Ya desde el título se nos indica dicha centralidad, invitándonos a adentrarnos en la historia de su protagonista. Un relato que parte de lugares comunes (la huida de una ex-pareja maltratadora) para sumergirnos en una metáfora sobre el tiempo como perseguidor implacable y adentrarnos en un mundo donde el maltrato físico no es más que una micrometáfora de la realidad cotidiana,
Yella no es pues tan solo un retrato de una mujer en apuros buscando espacios de confort sino más bien una panorámica modélica de transiciones en pequeños espacios que llevan siempre al mismo lugar: el abuso, la fatalidad y una sensación fatalista de no haber posibilidad de escape de un pasado que se manifiesta en el presente en toda forma posible.

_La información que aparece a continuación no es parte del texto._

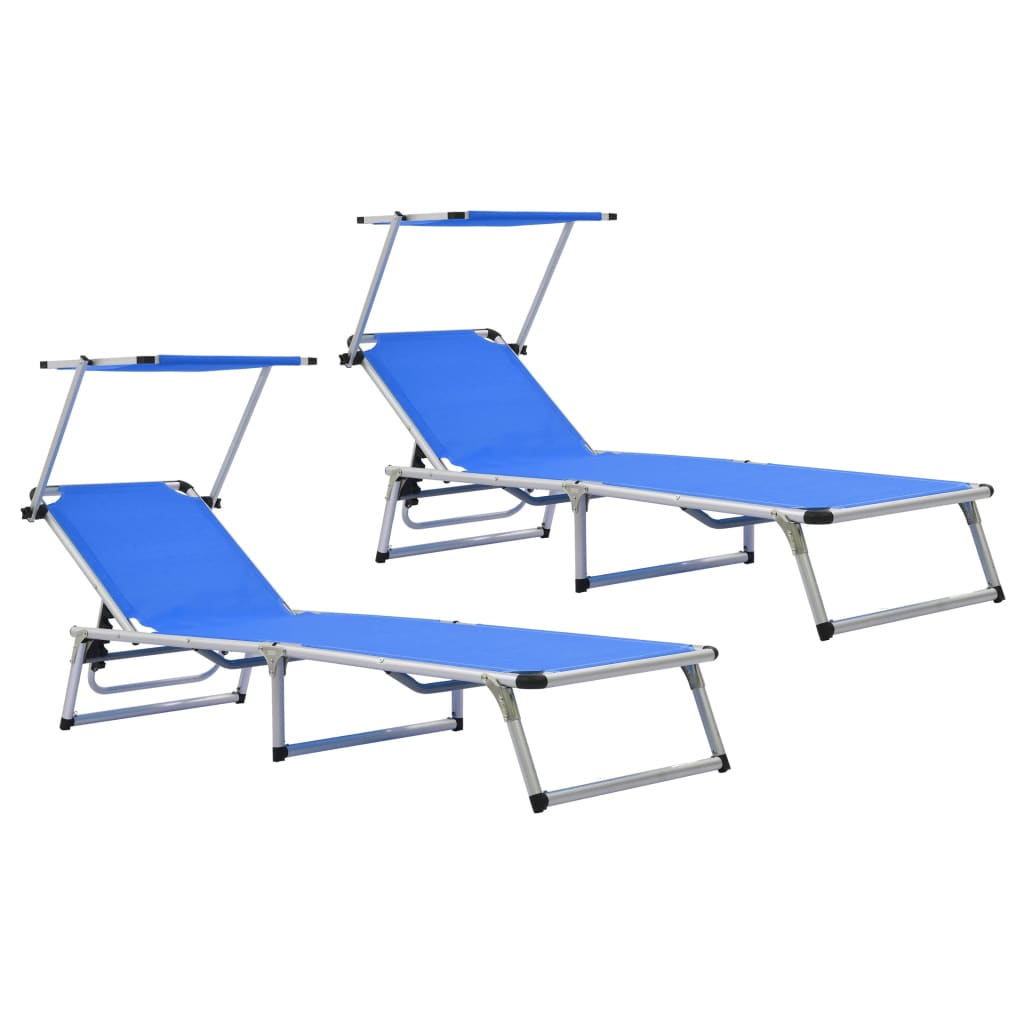 312457 Folding Sun Loungers with Roof 2 pcs Aluminium&Textilene Blue - Sisustajankoti.fi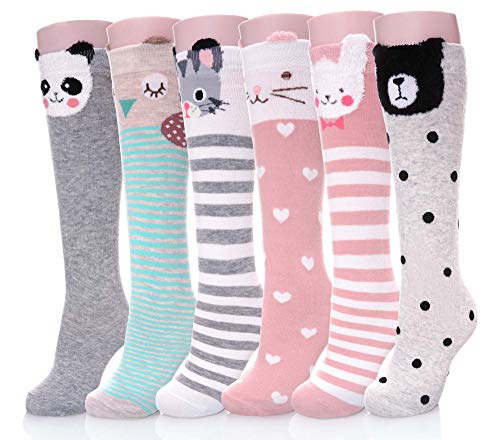 Product Cover Girls Socks Knee High Socks Cartoon Animal Warm Cotton Stockings 6 Pairs Animal A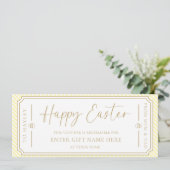 Bleek Geel Happy Easter Gift Voucher Kaart (Staand voorkant)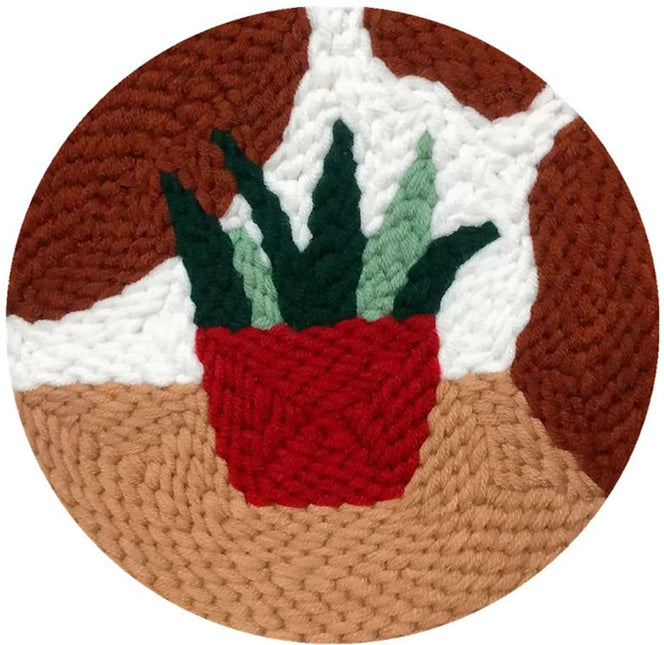 Greenery Punch Needle Starter Kits Soft Yarn Punch Needle Embroidery Kit Easy Needlework Home Decor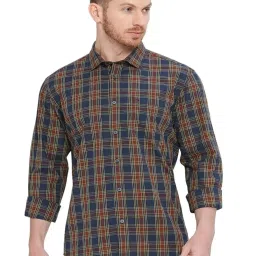 Basics Navy Cotton Slim Fit Checks Shirt image 1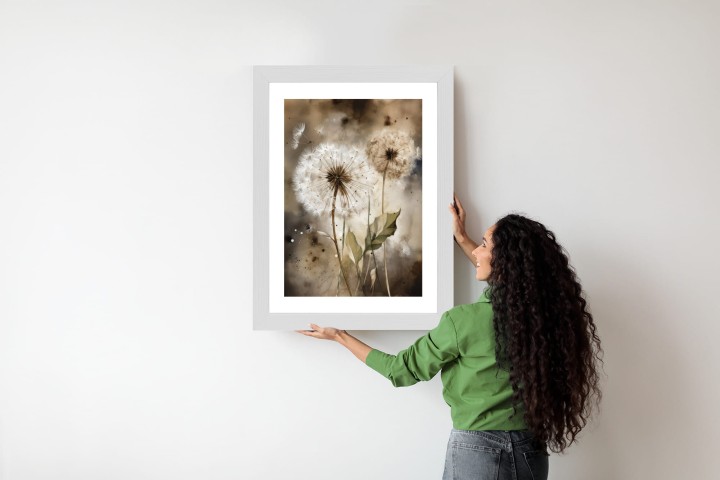 Plakat Dmuchawce Na Rozmytej Akwareli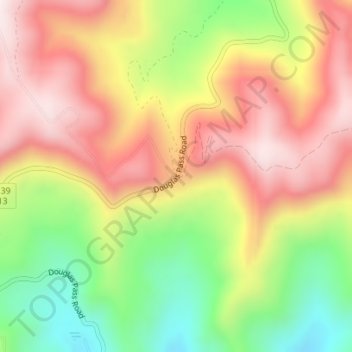 Mapa topográfico Douglas Pass, altitude, relevo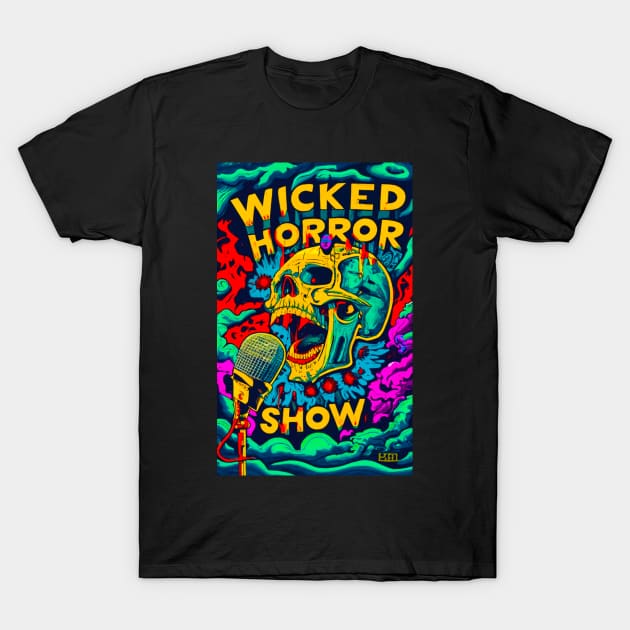 Wicked Horror Show Screaming Skull T-Shirt by aknuckle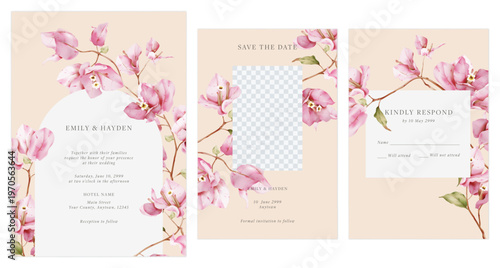 Wedding invitation suite featuring watercolor-style pink Bougainvillea flowers on a soft peach background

Los esquemas formales sobre los que pivota el director germano son una vez más el ‹leitmotiv› musical clásico, cierta frialdad y asepsia espacial y una narración suave que crean un marco que se aleja de lo terrible en la puesta en escena y que hace precisamente más doloroso lo acaecido en el relato. Con un formato genérico que oscila entre el thriller empresarial y el drama personal, Yella propone una historia mínima en la superficie para profundizar paulatinamente en el proceso de reafirmación primero y reafirmación posterior de una protagonista que vive con entereza unas situaciones donde lo que podría ser un sueño de otra forma de vida se convierte en una pesadilla reiterativa y agotadora.
Pasado y presente se unen en un acoso, un acecho constante que parece privar de cualquier atisbo de futuro como si todos los días fueran un atrapado en el tiempo con unas mínimas variaciones que, lejos de ofrecer vías de escape, cierran toda esperanza de huida hasta llegar a un final tan inesperado como coherente dentro de la lógica interna del film.
Petzold construye pues un film que no pretende construir una figura femenina de aires reivindicables ni pseudomitológicos (como sí haría en Undine), no. En Yella nos ponemos en la piel de una mujer cotidiana y de los peligros que debe afrontar. Elementos agresivos que restan agazapados en su aparente normalidad vista a través del ojo masculino pero que florecen cual flor venenosa en cualquier momento o lugar si son vividos como mujer.
Petzold construye un alegato que no necesita posicionarse constante y políticamente como feminista, sino que le basta con poner la mirada de su protagonista en el espejo para que el reflejo nos muestre cuál es la realidad a la que se debe enfrentar. Una descripción que se mueve con tranquilidad, y un punto de belleza clasicista, entre el fatalismo tangible de lo real y un pesimismo determinista en lo existencial. Y por eso mismo resulta tan doloroso, tan cercano.